### [Given data]
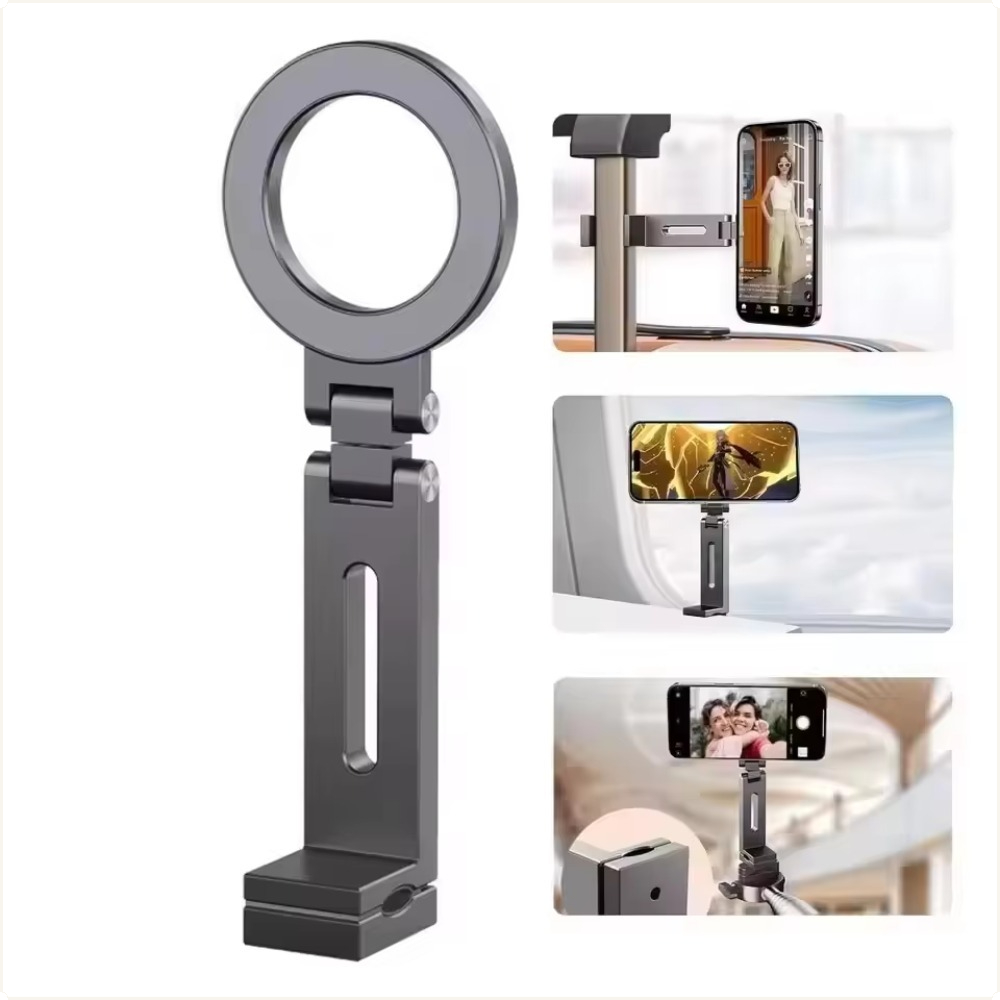 Trépied magnétique pliable pou - Standing Desk avis et prix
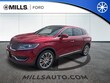Lincoln MKX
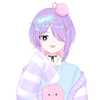 菓劇わたゆめくんVtuber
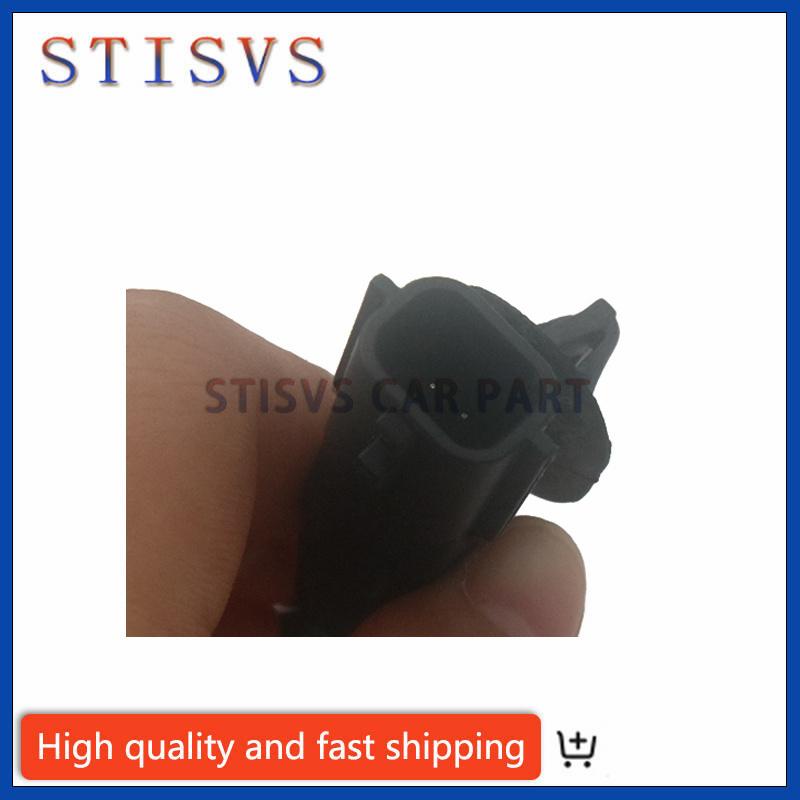 Front Alex Left & Right L/R ABS Wheel Speed Sensor For Nissan Versa MICRA NOTE ALMERA SUNNY 1.2 1.5 1.6 47910-1HA0A 0265008311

### [Instructions for the task]
Word for word, output the whole listing, but not its pictures.

### [Solution]
 Trépied magnétique pliable pou - Standing Desk avis et prix
Lincoln MKX
 菓劇わたゆめくんVtuber
 Front Alex Left & Right L/R ABS Wheel Speed Sensor For Nissan Versa MICRA NOTE ALMERA SUNNY 1.2 1.5 1.6 47910-1HA0A 0265008311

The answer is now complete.